1. **Coordinate Extraction Assumption**: `glue_construct_regulatory_graph` assumes ATAC peak names follow the format `"chr:start-end"`. If user data uses different formats (e.g., `"chr_start_end"` or `"chr:start:end"`), the coordinate extraction will fail. Users must ensure their peak names follow the expected format or pre-process their data.

2. **GTF Compatibility**: Gene annotation requires GTF file with specific attributes. Not all GTF formats are compatible. Users must ensure their GTF file contains the required attributes (default: `"gene_name"`).

3. **Memory Requirements**: LSI and PCA operations on large datasets can be memory-intensive. Users with datasets >100k cells may encounter memory issues on standard workstations.

4. **Visualization Dependency**: UMAP visualizations require the `color_var` column to exist in the AnnData object. If the column is missing, the tool will fail. Users must ensure their data contains the specified annotation column.

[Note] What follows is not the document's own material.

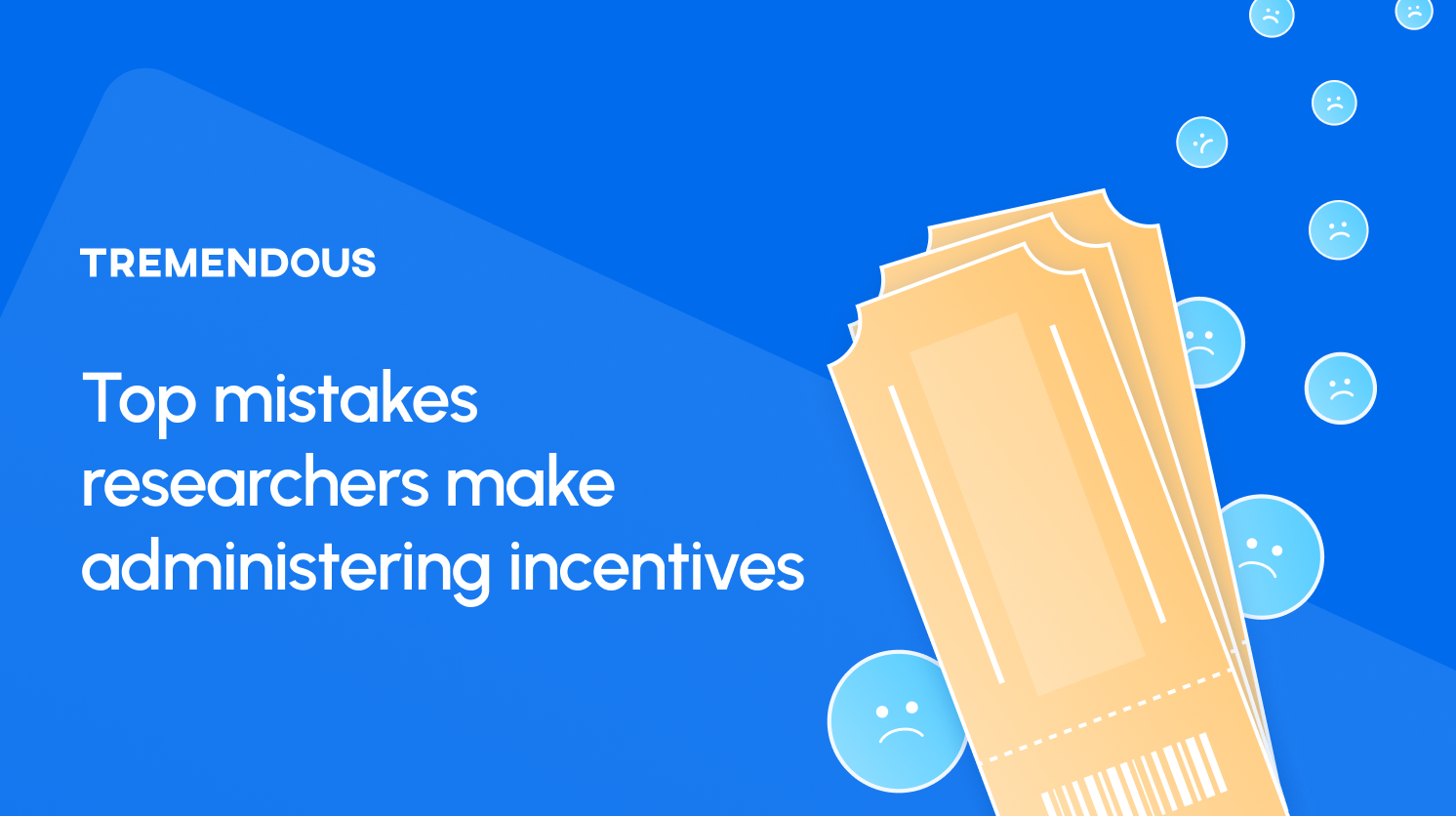 4 mistakes researchers make when administering incentives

5. **File Format Constraints**: Tools only accept h5ad format for input/output. Users with data in other formats (csv, mtx, loom) must convert to h5ad before using these tools.

## Testing Recommendations

1. **Test with tutorial data**: Verify tools reproduce exact tutorial results with Chen-2019 dataset
2. **Test with different organisms**: Verify GTF annotation works with different reference genomes
3. **Test with different annotation columns**: Verify `color_var` parameter works with different metadata
4. **Test with edge cases**:
   - Very small datasets (<100 cells)
   - Very large datasets (>100k cells)
   - Datasets with missing or malformed peak coordinates
   - GTF files with different attribute names

## Revision History

### Initial Implementation
- 4 tools: `glue_read_paired_data`, `glue_preprocess_scrna`, `glue_preprocess_scatac`, `glue_construct_guidance_graph`

### Revision 1 (2026-02-14)
**Changes Made**:
1. **Removed `glue_read_paired_data` tool**: Classified as NOT Applicable to New Data (only loads tutorial data without analytical transformation)
2. **Renamed `glue_construct_guidance_graph` to `glue_construct_regulatory_graph`**: Better matches tutorial section title "Construct prior regulatory graph"
3. **Updated documentation**: Corrected tool count from 4 to 3 tools

**Rationale**: Enforce strict adherence to "Applicable to New Data" classification. Data loading without analytical transformation should not be a standalone tool.

**Result**: All 3 remaining tools pass quality review with all checks passing.